The Ferryboat – Episode 29

IRIS brought in the lunch dishes from the garden and stacked them in the dishwasher.

“That’s it,” she said, switching it on.

“How many today?” Holly asked. She was sitting at the kitchen table with her sewing machine, running up curtains for the annexe.

“Don’t know,” Iris said, counting on her fingers, “but there must have been fourteen outside, and the dining-room was full.”

Verity, enveloped in a rosy Cath Kidston apron, looked up from the mixing bowl.

“Are you off now, Iris? Holly and I are on afternoon teas.”

“Yes, I’ll be back in the evening.” Iris smiled at Mrs Grainger senior, or Verity, as she’d been told to call her.

She’d been surprised, and suspected that Tom and Judy were, too, at how good Verity was at mucking in with whatever required to be done. She’d been here, on and off, for the last few weeks and Iris wondered how they could possibly have managed without her. She knew that Holly had been rather dreading seeing so much of her mother-in-law but it seemed to Iris that they were getting on well.

She walked slowly home, enjoying the sunshine and the view of the purple hills above the loch.

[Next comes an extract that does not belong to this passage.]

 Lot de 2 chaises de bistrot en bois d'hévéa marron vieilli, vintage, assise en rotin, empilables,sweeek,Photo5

Sandy had e-mailed to ask how Lizzie was and to say that tomorrow, Friday, he was coming to stay with Charlie for the weekend. So that was something to look forward to. Everyone had been so kind their sitting-room was still full of the flowers Lizzie had received, including a beautiful arrangement from Sandy.

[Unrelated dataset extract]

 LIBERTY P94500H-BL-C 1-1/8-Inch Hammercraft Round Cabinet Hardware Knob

She turned the corner. Sandy was getting out of a car.

Seeing him unexpectedly was disconcerting, almost as if she was seeing a stranger. A tall, broad-shouldered man in jeans and a white shirt, stretching his back after a long drive, pushing his hair out of his eyes. But when he turned and saw her, his face breaking into a smile, there was her old friend Sandy, so familiar and reassuring, so real, that she ran forward to greet him.

He knew the facts about Lizzie’s fall, of course, but she longed suddenly to tell him how she had felt when it happened. Lizzie was much better now and would be ready to go back to work next week. The hospital had given her a clean bill of health. But Iris couldn’t get out of her mind the sight of her sister lying so still and so white, and she couldn’t bear to think of Angus seeing her like that, too.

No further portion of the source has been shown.